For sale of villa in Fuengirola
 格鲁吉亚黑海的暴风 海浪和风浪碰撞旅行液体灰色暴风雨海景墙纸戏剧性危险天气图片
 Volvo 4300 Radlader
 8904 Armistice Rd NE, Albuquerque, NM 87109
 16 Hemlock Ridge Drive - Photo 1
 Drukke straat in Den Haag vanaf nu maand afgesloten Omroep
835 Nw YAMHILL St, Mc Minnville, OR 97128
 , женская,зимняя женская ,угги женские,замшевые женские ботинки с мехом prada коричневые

▶ [WORK TASK]: What is needed is an exact copy of the lines from the one containing "8904 Armistice Rd NE, Albuquerque, NM 87109" to the end of the data; please add nothing else.

▶ [TASK RESULT]:
 8904 Armistice Rd NE, Albuquerque, NM 87109
 16 Hemlock Ridge Drive - Photo 1
 Drukke straat in Den Haag vanaf nu maand afgesloten Omroep
835 Nw YAMHILL St, Mc Minnville, OR 97128
 , женская,зимняя женская ,угги женские,замшевые женские ботинки с мехом prada коричневые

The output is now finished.